防風林「ツーリストシップで旅行者も受け入れ先も幸せに【2025年11月1週号】」

 ▼円安などを追い風に訪日客数の年間4千万人超えが見えてきた。1~9月の推計は前年同期比17.7%増の3165万人と、最速で3000万人を突破。一部観光地などは"多国籍化"が日常になっている。
 ▼経済効果は大きく、9月までの宿泊や買い物などの消費額は約6兆9000億円に上る。地域の雇用創出や税収増などに加え、米を含む日本産農畜産物の需要拡大にも寄与。一方で、治安の悪化などを含めオーバーツーリズム(観光公害)も顕在化している。
 ▼2030年に訪日客6000万人を掲げる政府は、観光公害対策と併せて地方への誘客を進める方針。

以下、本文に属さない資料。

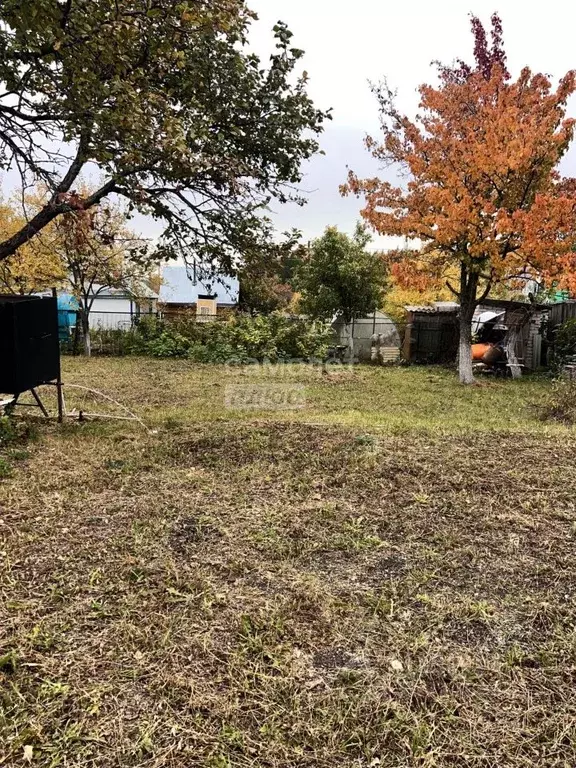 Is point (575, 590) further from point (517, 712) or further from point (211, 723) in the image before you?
point (211, 723)

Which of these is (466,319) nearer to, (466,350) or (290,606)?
(466,350)

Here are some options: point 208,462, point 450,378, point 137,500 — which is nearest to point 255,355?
point 450,378

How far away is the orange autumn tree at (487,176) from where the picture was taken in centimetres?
845

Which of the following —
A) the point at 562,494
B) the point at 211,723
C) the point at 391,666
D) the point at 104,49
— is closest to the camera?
the point at 211,723

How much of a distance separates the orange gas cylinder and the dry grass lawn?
8.20 m

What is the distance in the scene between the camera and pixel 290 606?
89.1 inches

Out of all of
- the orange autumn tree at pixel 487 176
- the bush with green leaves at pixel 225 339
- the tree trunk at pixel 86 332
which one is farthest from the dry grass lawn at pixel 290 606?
the tree trunk at pixel 86 332

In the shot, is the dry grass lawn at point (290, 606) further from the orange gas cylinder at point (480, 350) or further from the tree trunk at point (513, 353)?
the orange gas cylinder at point (480, 350)

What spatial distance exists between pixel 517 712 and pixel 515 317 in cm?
1155

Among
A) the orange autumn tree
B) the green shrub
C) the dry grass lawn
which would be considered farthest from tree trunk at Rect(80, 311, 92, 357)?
the green shrub

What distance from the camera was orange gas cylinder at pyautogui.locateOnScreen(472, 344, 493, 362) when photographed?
12578mm

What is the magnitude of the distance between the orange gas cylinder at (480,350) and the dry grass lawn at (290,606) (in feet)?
26.9

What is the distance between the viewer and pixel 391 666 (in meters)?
1.88

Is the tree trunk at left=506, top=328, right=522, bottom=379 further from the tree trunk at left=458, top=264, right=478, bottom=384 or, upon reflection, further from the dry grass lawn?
the dry grass lawn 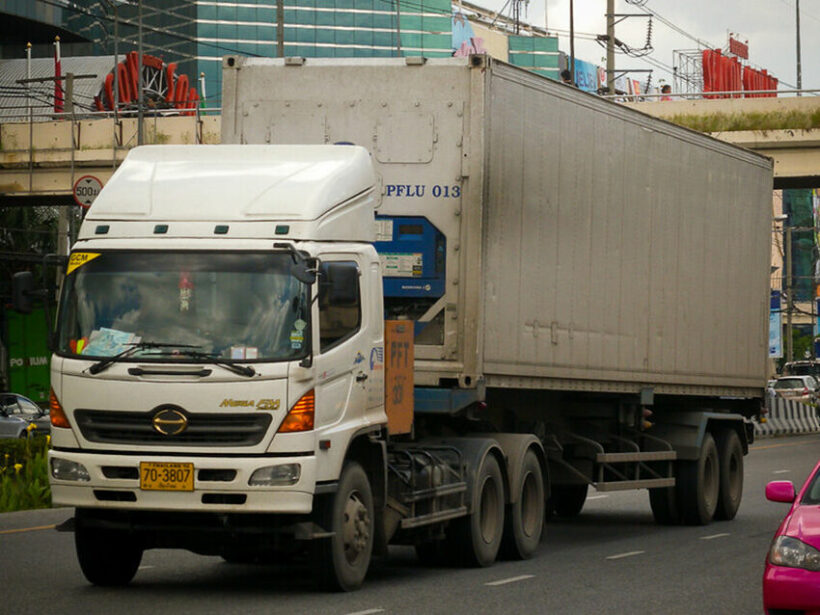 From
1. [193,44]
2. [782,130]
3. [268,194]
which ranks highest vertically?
[193,44]

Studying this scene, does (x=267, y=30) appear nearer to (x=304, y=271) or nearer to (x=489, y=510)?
(x=489, y=510)

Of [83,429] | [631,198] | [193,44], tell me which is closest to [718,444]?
[631,198]

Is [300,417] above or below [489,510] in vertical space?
above

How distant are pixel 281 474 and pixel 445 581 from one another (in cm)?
248

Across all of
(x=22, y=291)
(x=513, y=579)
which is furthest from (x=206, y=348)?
(x=513, y=579)

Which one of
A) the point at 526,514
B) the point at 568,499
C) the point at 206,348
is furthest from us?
the point at 568,499

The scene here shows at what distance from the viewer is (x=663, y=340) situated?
1845 cm

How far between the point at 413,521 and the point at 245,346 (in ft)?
7.79

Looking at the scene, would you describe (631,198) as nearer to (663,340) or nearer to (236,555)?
(663,340)

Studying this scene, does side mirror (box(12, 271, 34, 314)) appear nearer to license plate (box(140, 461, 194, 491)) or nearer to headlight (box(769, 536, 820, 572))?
license plate (box(140, 461, 194, 491))

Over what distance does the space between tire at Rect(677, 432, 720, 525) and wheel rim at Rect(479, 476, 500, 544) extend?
5.59 meters

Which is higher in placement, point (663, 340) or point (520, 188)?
point (520, 188)

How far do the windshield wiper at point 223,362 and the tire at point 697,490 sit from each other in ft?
31.4

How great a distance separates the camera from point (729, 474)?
67.6 ft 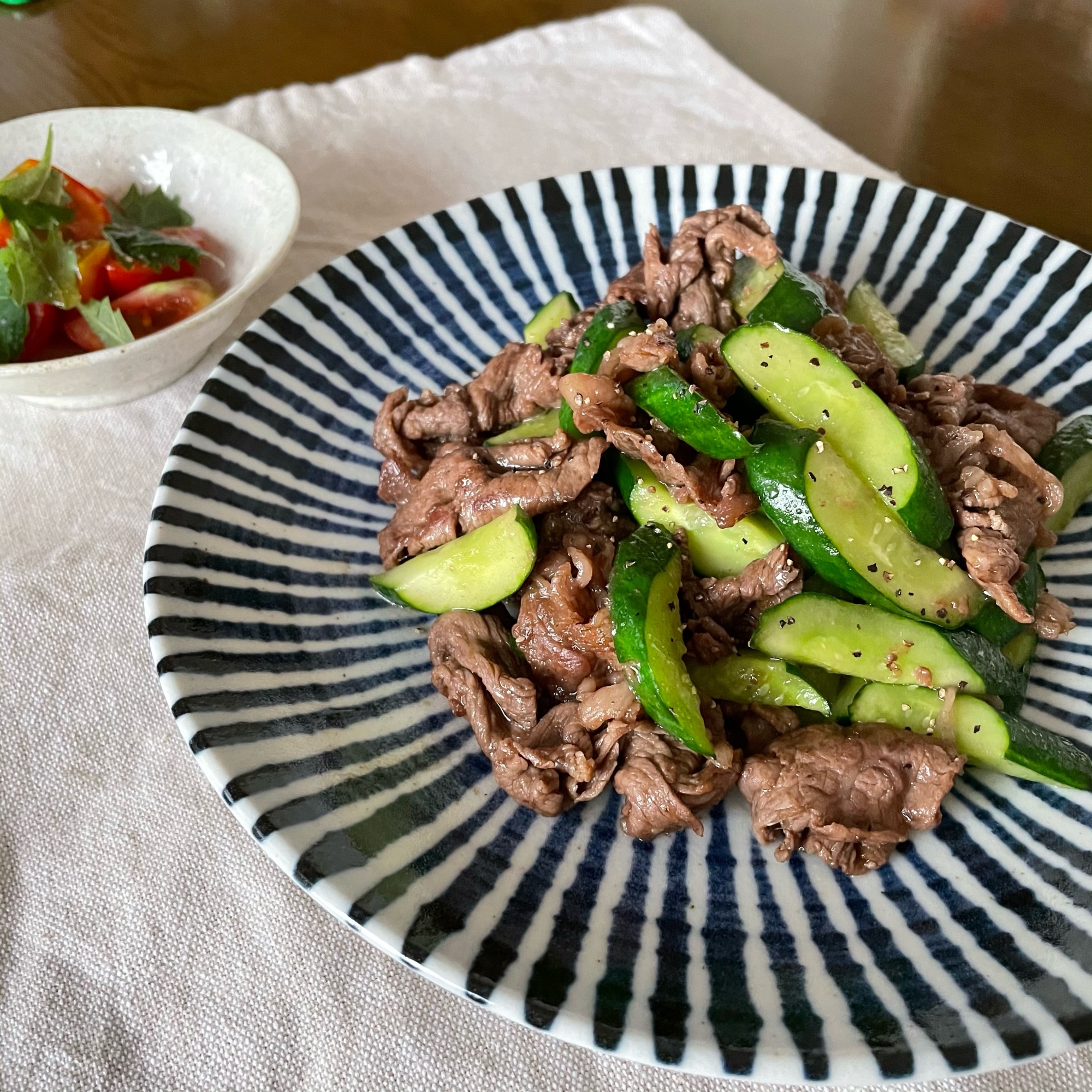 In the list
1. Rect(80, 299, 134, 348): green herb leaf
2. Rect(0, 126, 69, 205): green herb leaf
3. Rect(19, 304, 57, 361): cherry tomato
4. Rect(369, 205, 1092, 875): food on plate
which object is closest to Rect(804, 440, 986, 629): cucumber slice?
Rect(369, 205, 1092, 875): food on plate

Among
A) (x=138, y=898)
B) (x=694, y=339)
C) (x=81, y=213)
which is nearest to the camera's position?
(x=138, y=898)

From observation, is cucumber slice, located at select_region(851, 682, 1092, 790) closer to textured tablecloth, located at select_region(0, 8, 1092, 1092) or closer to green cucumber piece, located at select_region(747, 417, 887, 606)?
green cucumber piece, located at select_region(747, 417, 887, 606)

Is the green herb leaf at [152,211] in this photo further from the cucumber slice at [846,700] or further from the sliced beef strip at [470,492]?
the cucumber slice at [846,700]

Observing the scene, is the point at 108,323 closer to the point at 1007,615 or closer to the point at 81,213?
the point at 81,213

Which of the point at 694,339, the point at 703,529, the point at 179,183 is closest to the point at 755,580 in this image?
the point at 703,529

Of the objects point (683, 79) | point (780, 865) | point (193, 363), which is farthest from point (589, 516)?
point (683, 79)

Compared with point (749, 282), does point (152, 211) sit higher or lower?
lower

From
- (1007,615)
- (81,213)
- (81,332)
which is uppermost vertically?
(1007,615) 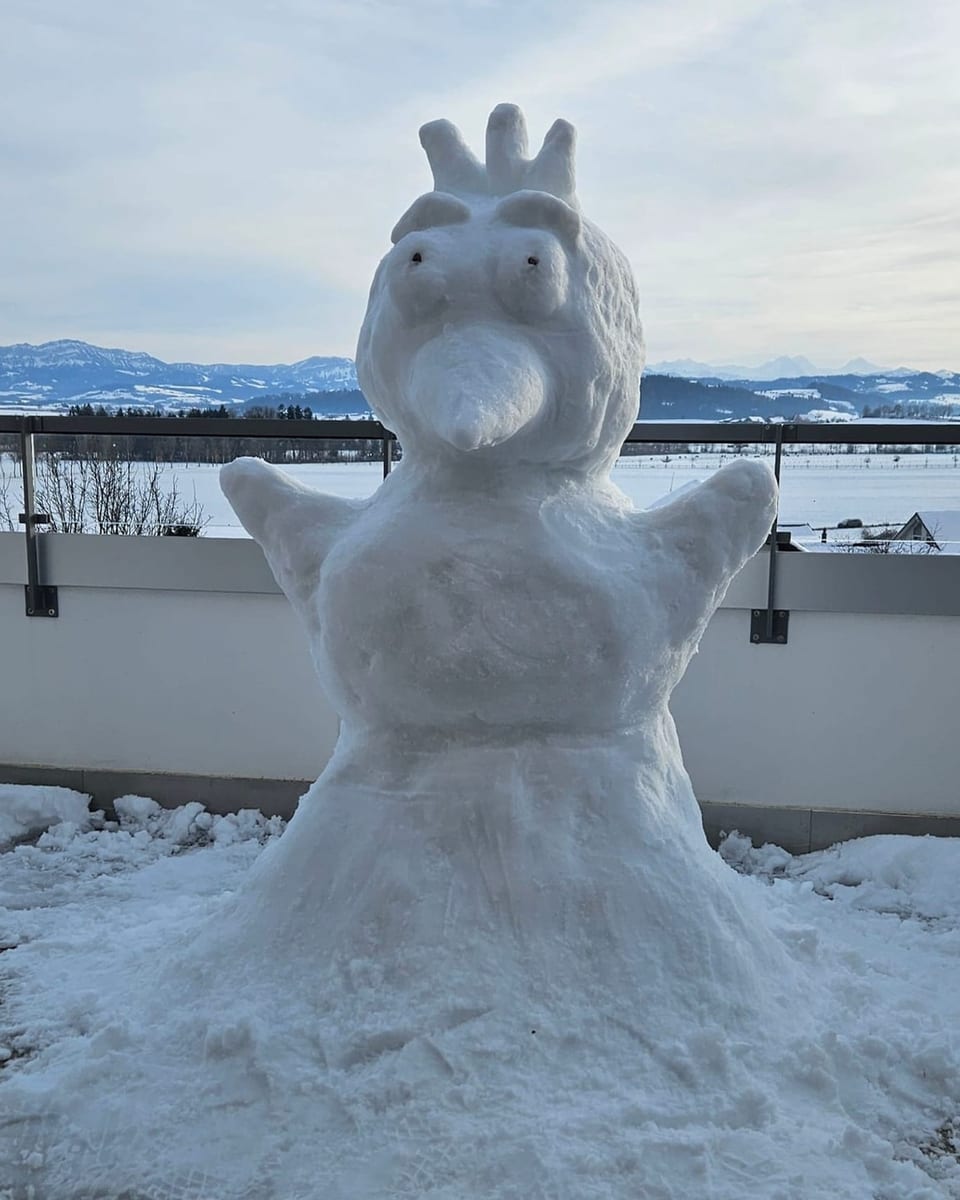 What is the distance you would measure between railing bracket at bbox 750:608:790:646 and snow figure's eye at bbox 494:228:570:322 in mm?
1810

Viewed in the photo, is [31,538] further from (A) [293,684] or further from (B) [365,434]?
(B) [365,434]

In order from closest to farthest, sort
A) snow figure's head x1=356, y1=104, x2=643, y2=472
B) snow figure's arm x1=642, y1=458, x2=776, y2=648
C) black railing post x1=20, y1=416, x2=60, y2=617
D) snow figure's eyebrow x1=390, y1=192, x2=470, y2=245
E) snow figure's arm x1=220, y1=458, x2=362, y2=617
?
1. snow figure's head x1=356, y1=104, x2=643, y2=472
2. snow figure's eyebrow x1=390, y1=192, x2=470, y2=245
3. snow figure's arm x1=642, y1=458, x2=776, y2=648
4. snow figure's arm x1=220, y1=458, x2=362, y2=617
5. black railing post x1=20, y1=416, x2=60, y2=617

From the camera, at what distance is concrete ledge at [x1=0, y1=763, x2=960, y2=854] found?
3.51 m

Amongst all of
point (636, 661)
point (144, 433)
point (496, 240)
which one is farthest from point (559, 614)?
point (144, 433)

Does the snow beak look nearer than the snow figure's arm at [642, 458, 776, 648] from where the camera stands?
Yes

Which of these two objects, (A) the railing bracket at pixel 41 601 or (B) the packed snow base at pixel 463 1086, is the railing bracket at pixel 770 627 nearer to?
(B) the packed snow base at pixel 463 1086

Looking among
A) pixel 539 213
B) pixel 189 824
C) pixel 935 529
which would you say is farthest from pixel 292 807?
pixel 539 213

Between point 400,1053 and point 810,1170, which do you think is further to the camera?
point 400,1053

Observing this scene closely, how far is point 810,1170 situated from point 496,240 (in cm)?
154

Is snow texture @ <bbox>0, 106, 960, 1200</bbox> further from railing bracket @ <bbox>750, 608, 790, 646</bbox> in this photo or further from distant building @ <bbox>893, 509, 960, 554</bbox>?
distant building @ <bbox>893, 509, 960, 554</bbox>

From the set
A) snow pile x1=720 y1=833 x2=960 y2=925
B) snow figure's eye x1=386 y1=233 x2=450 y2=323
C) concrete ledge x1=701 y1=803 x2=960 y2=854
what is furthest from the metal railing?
snow figure's eye x1=386 y1=233 x2=450 y2=323

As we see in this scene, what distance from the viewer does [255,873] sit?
2240 mm

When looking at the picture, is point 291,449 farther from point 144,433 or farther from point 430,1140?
point 430,1140

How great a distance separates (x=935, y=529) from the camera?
3.66 m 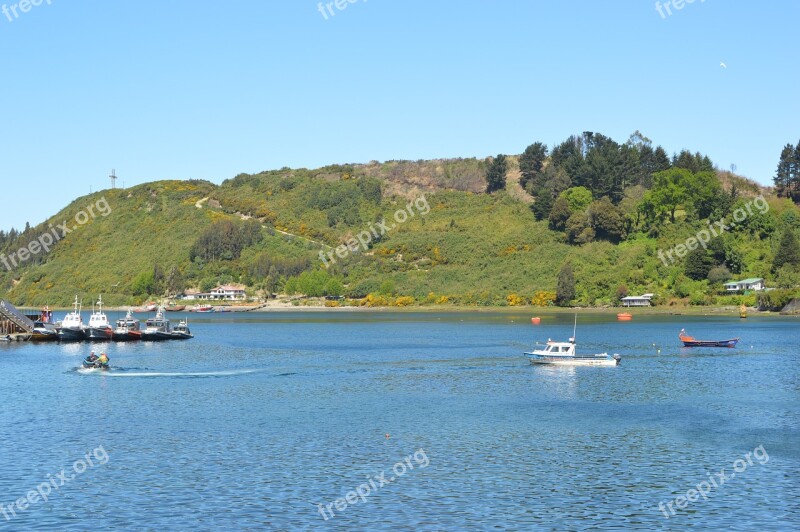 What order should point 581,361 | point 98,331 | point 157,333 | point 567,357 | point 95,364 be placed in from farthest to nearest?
point 157,333, point 98,331, point 567,357, point 581,361, point 95,364

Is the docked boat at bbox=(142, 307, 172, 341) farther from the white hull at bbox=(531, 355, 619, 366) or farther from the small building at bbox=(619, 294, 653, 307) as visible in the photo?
the small building at bbox=(619, 294, 653, 307)

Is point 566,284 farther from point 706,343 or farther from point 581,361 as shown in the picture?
point 581,361

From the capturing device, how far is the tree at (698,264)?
18288 centimetres

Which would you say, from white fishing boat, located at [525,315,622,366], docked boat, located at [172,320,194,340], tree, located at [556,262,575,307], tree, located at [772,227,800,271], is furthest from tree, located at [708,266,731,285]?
docked boat, located at [172,320,194,340]

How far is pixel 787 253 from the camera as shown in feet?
582

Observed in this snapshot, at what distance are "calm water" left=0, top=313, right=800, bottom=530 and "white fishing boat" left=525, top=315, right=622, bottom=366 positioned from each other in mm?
1967

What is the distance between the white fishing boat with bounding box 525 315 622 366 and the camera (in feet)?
281

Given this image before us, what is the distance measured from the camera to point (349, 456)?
4425 cm

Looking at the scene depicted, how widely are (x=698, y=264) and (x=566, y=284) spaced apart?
2720 cm

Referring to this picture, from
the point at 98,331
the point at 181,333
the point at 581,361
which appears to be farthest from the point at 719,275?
the point at 98,331

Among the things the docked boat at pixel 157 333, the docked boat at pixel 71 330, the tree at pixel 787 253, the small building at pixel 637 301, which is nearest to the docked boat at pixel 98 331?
the docked boat at pixel 71 330

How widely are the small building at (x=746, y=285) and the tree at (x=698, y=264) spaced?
245 inches

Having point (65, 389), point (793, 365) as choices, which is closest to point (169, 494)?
point (65, 389)

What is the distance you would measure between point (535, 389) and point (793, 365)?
30.9 metres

高市早苗首相は所信表明で訪日観光の重要性を強調するとともに、一部の外国人による違法・ルール逸脱行為には毅然と対応するとした。
 ▼近年は"ツーリストシップ"という考え方が注目を集めているそうだ。スポーツマンシップの旅行者版で、旅先に配慮し貢献しながら交流を楽しむ姿勢・行動を指す。人々をその地に引きつける魅力は、そこで暮らす人たちが守っている。秋の行楽シーズンも終盤を迎えた。国内外を問わず、旅行者も受け入れ地域も、共に幸せになる異文化交流を広げたい。